» Problem statement:
All of the entries should be restated word for word, but without their pictures.

Records drawn from a dataset
========
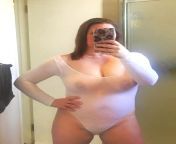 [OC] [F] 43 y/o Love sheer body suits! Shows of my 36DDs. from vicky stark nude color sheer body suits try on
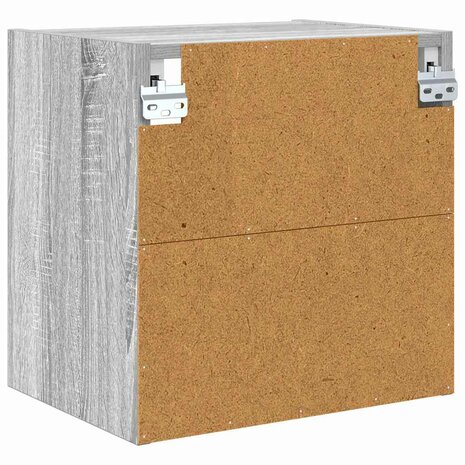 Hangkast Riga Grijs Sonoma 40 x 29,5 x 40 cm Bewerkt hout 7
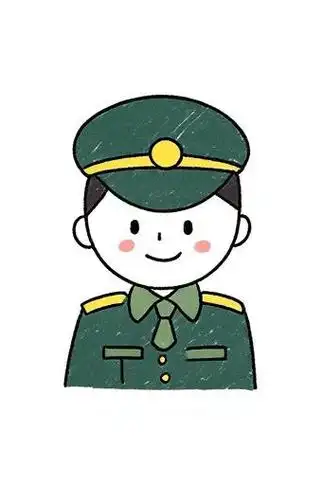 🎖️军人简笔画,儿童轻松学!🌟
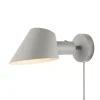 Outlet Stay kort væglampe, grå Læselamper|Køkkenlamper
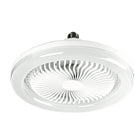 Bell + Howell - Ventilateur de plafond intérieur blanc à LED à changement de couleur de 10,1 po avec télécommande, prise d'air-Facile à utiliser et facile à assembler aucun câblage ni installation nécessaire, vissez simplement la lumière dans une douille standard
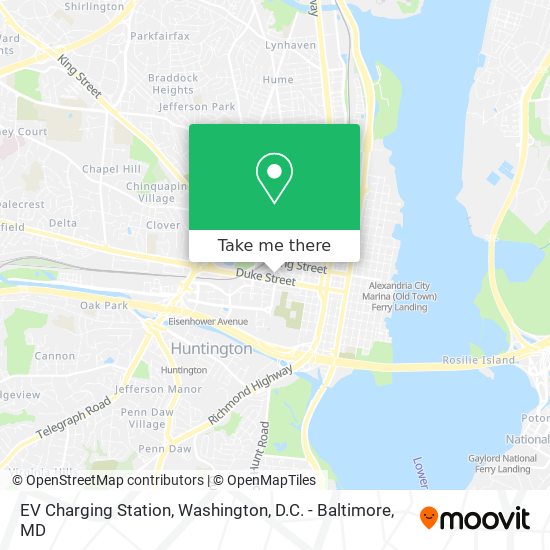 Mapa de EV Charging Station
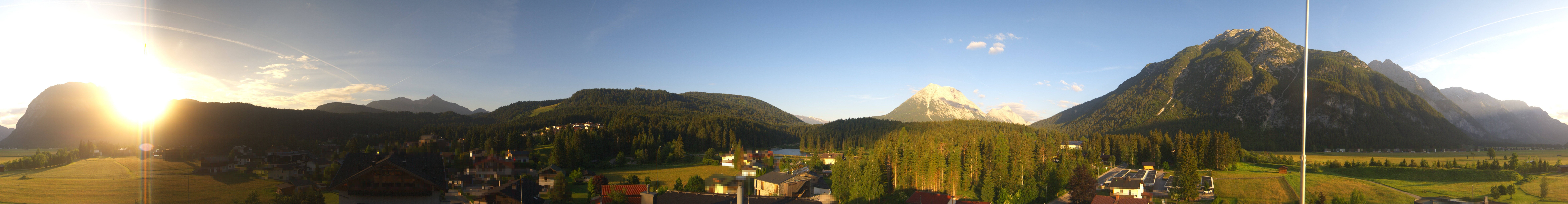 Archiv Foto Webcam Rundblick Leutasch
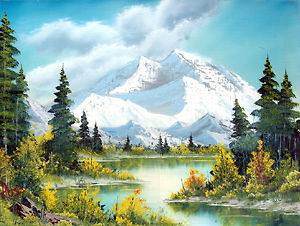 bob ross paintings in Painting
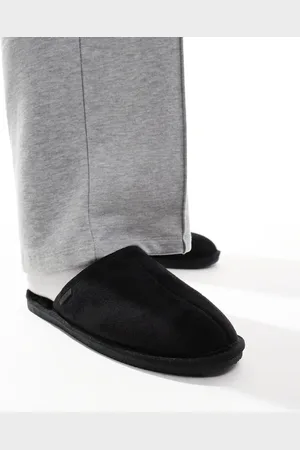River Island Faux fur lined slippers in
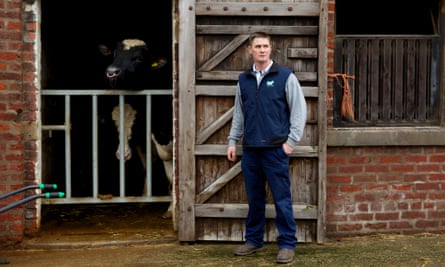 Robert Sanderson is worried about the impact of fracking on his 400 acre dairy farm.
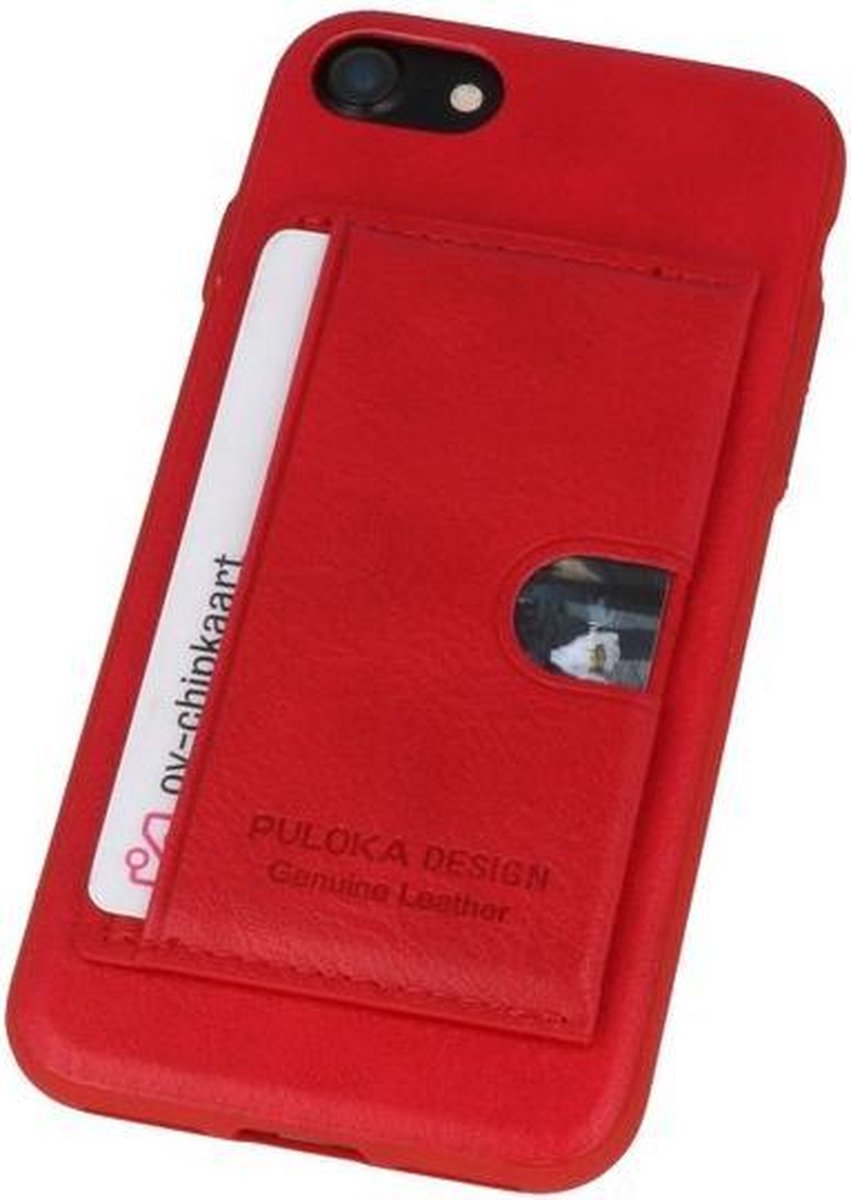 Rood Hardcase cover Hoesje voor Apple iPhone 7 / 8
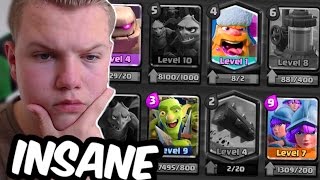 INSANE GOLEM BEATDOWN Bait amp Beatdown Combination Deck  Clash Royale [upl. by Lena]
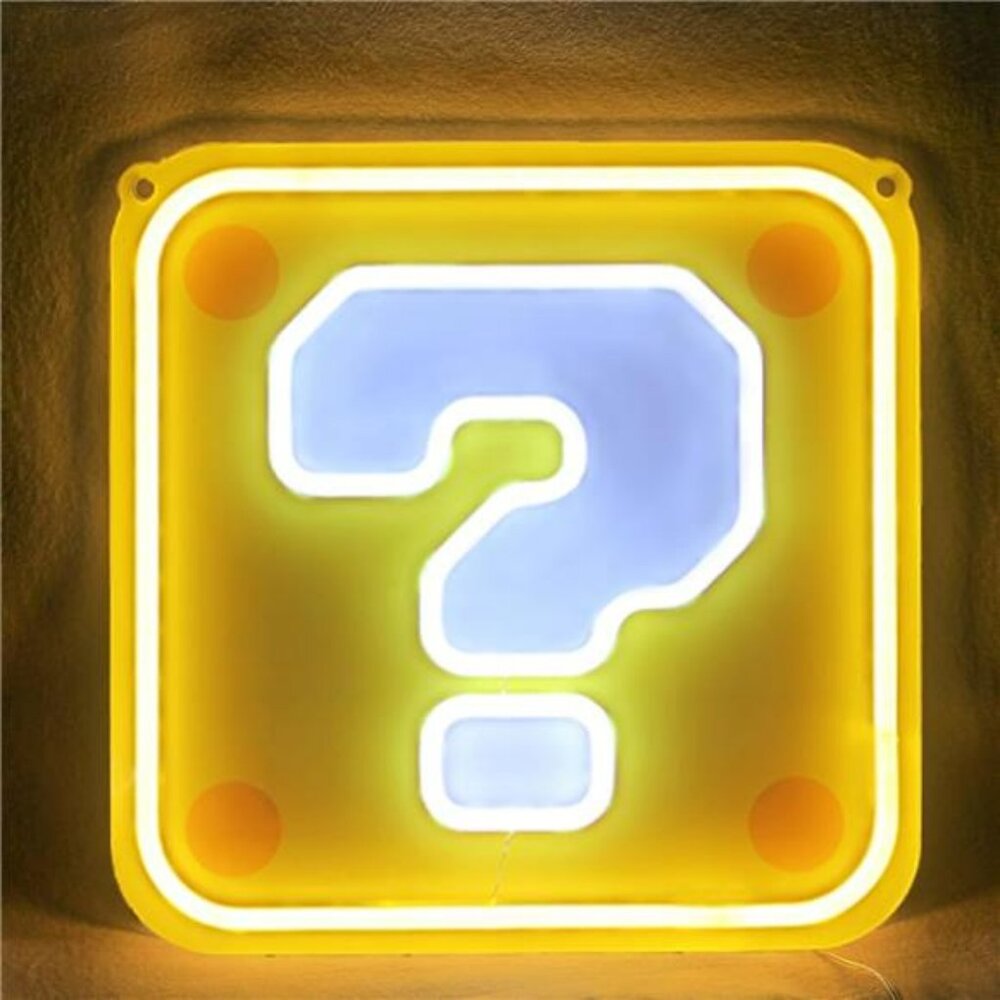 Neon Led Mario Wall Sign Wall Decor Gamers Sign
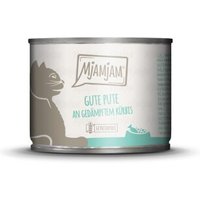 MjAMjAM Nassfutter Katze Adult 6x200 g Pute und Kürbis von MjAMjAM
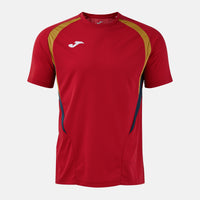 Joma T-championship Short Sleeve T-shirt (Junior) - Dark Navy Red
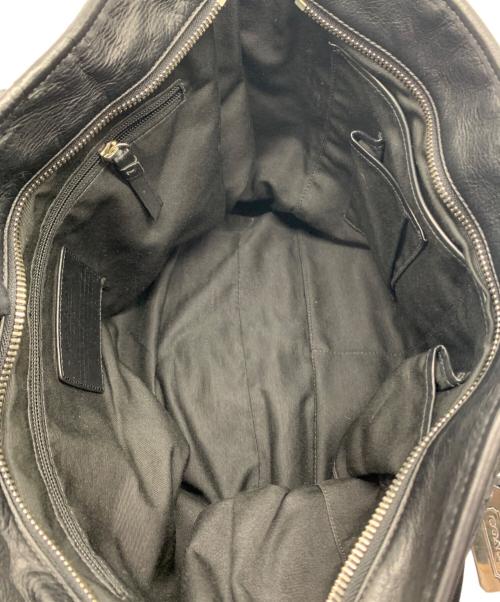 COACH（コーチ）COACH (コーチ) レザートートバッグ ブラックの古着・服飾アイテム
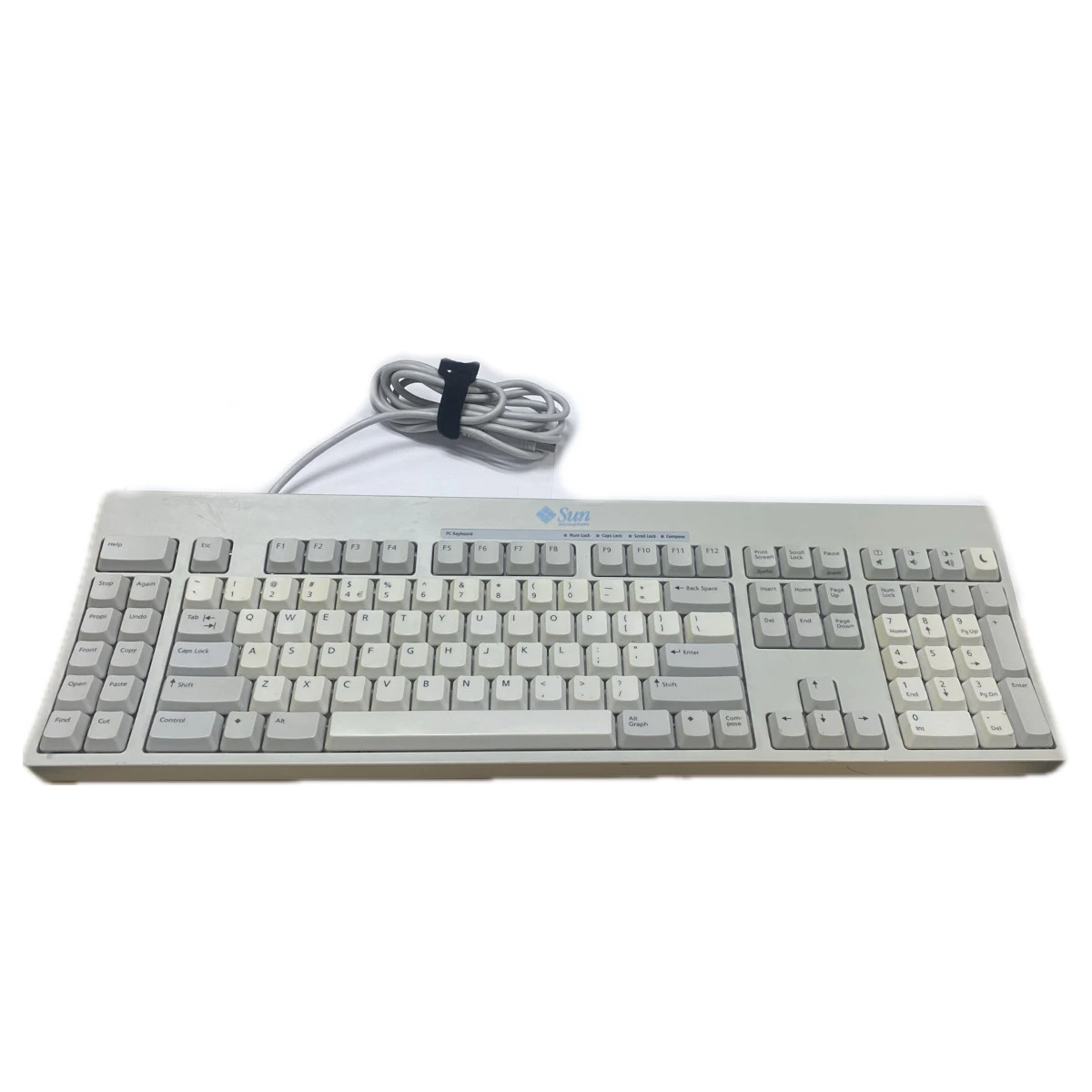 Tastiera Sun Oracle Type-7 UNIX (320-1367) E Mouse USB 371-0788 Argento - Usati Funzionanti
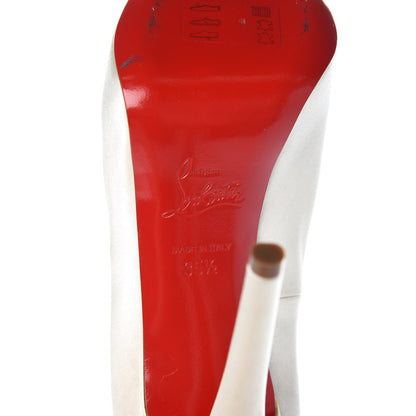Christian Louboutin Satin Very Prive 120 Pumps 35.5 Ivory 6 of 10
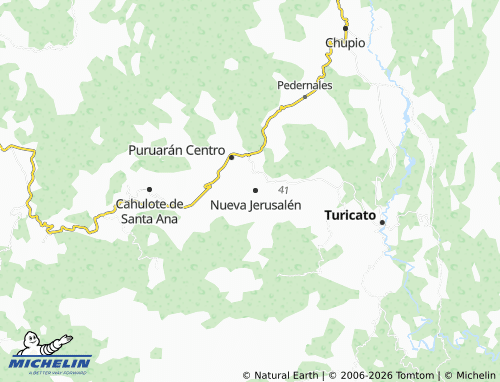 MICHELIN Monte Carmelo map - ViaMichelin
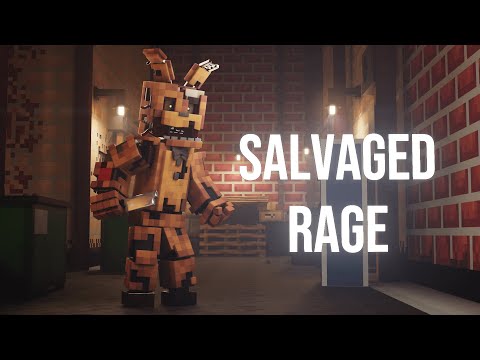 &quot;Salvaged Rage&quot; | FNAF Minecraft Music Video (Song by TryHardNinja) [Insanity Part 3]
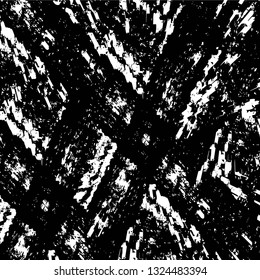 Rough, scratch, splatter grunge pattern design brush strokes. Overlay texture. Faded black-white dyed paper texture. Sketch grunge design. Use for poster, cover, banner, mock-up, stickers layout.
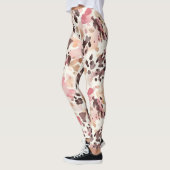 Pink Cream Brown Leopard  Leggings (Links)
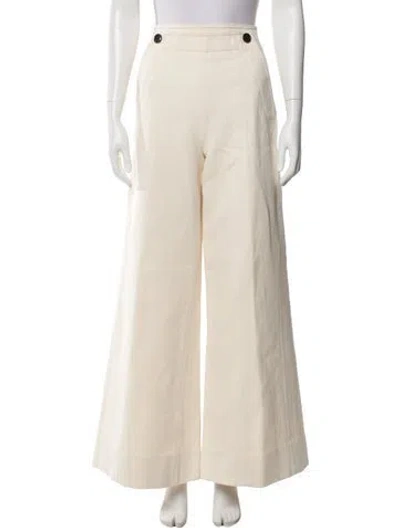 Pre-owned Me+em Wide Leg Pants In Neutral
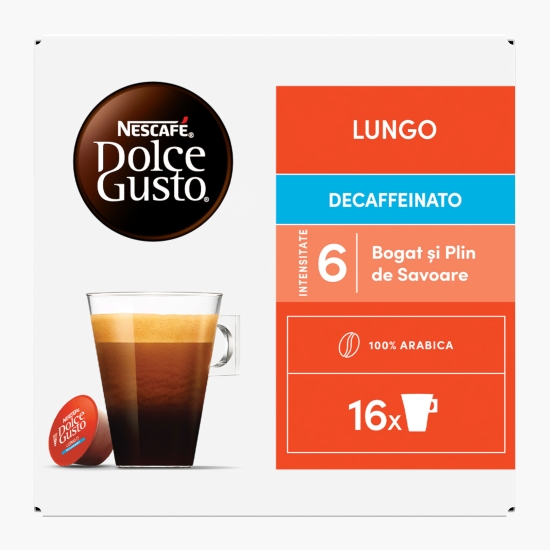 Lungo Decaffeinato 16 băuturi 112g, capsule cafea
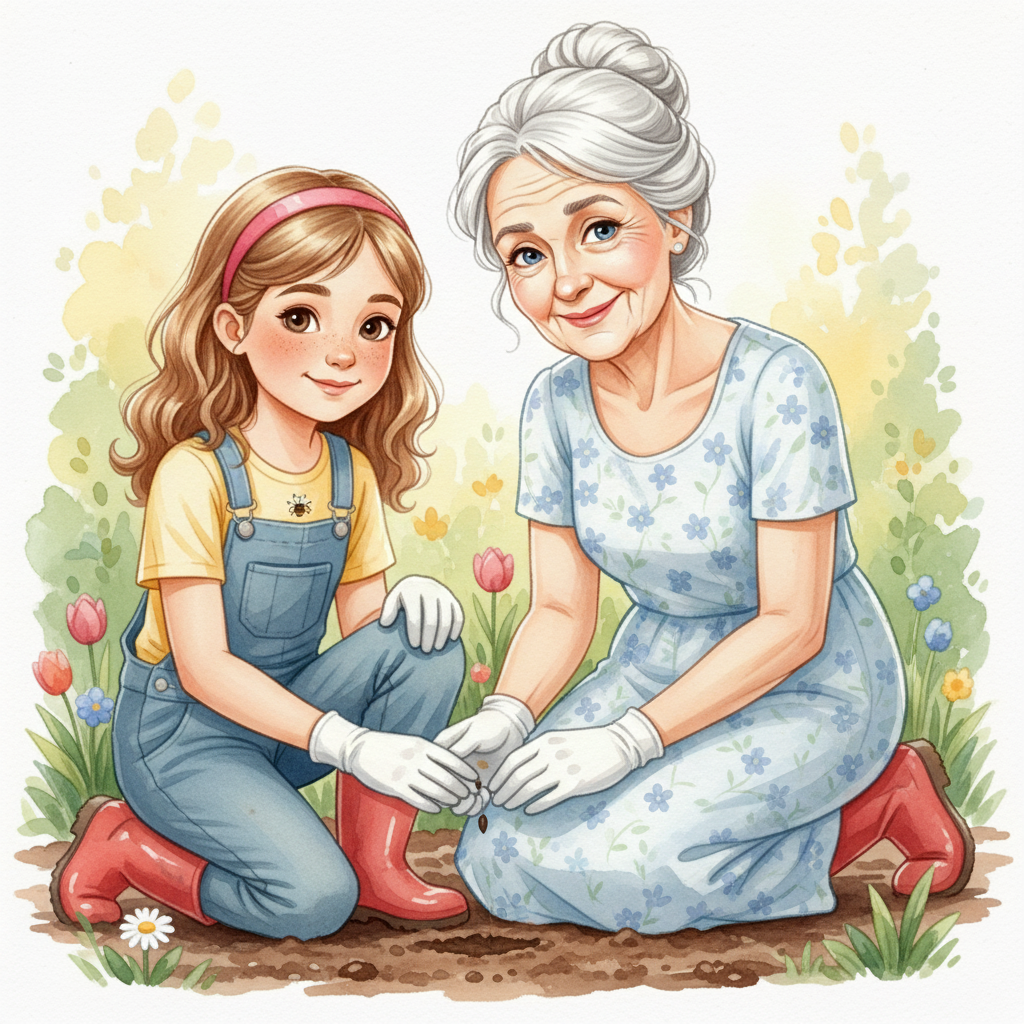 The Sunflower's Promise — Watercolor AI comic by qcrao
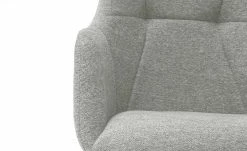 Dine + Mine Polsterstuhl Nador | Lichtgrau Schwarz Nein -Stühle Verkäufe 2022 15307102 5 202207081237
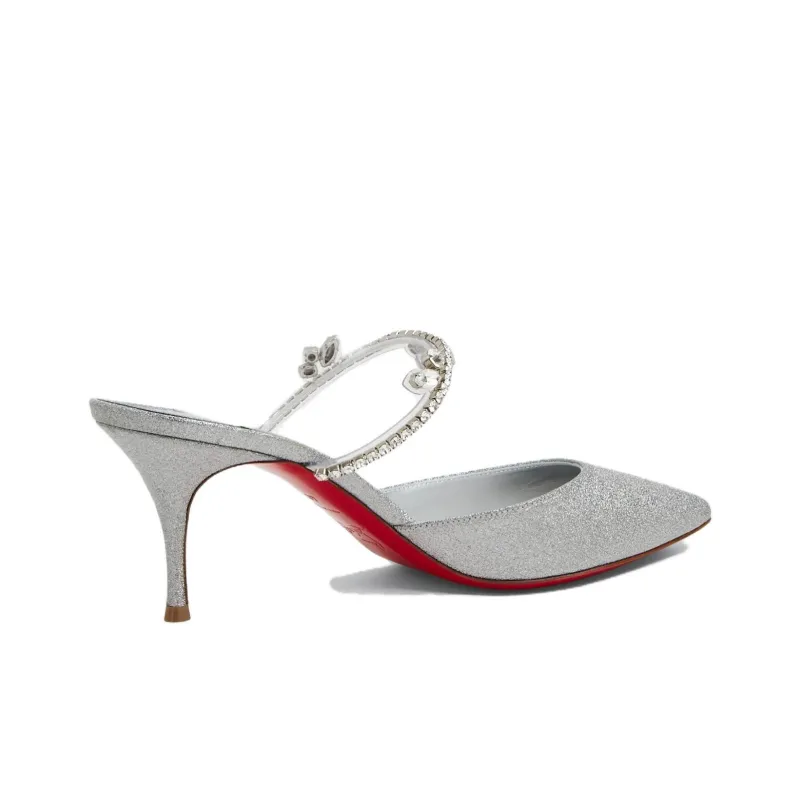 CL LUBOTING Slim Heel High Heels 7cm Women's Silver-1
========
» Exercise answer:
 [OC] [F] 43 y/o Love sheer body suits! Shows of my 36DDs. from vicky stark nude color sheer body suits try on
 Hangkast Riga Grijs Sonoma 40 x 29,5 x 40 cm Bewerkt hout 7
 🎖️军人简笔画,儿童轻松学!🌟
 Outlet Stay kort væglampe, grå Læselamper|Køkkenlamper
 Bell + Howell - Ventilateur de plafond intérieur blanc à LED à changement de couleur de 10,1 po avec télécommande, prise d'air-Facile à utiliser et facile à assembler aucun câblage ni installation nécessaire, vissez simplement la lumière dans une douille standard
 Mapa de EV Charging Station
 Archiv Foto Webcam Rundblick Leutasch
 bob ross paintings in Painting
River Island Faux fur lined slippers in
 Robert Sanderson is worried about the impact of fracking on his 400 acre dairy farm.
 Rood Hardcase cover Hoesje voor Apple iPhone 7 / 8
 INSANE GOLEM BEATDOWN Bait amp Beatdown Combination Deck  Clash Royale [upl. by Lena]
 Neon Led Mario Wall Sign Wall Decor Gamers Sign
 MjAMjAM Nassfutter Katze Adult 6x200 g Pute und Kürbis von MjAMjAM
 Joma T-championship Short Sleeve T-shirt (Junior) - Dark Navy Red
 COACH（コーチ）COACH (コーチ) レザートートバッグ ブラックの古着・服飾アイテム
 Tastiera Sun Oracle Type-7 UNIX (320-1367) E Mouse USB 371-0788 Argento - Usati Funzionanti
Christian Louboutin Satin Very Prive 120 Pumps 35.5 Ivory 6 of 10
 MICHELIN Monte Carmelo map - ViaMichelin
 &quot;Salvaged Rage&quot; | FNAF Minecraft Music Video (Song by TryHardNinja) [Insanity Part 3]
 Rough, scratch, splatter grunge pattern design brush strokes. Overlay texture. Faded black-white dyed paper texture. Sketch grunge design. Use for poster, cover, banner, mock-up, stickers layout.
 Pink Cream Brown Leopard  Leggings (Links)
 Pre-owned Me+em Wide Leg Pants In Neutral
 Lungo Decaffeinato 16 băuturi 112g, capsule cafea
 The Sunflower's Promise — Watercolor AI comic by qcrao
 Dine + Mine Polsterstuhl Nador | Lichtgrau Schwarz Nein -Stühle Verkäufe 2022 15307102 5 202207081237
 CL LUBOTING Slim Heel High Heels 7cm Women's Silver-1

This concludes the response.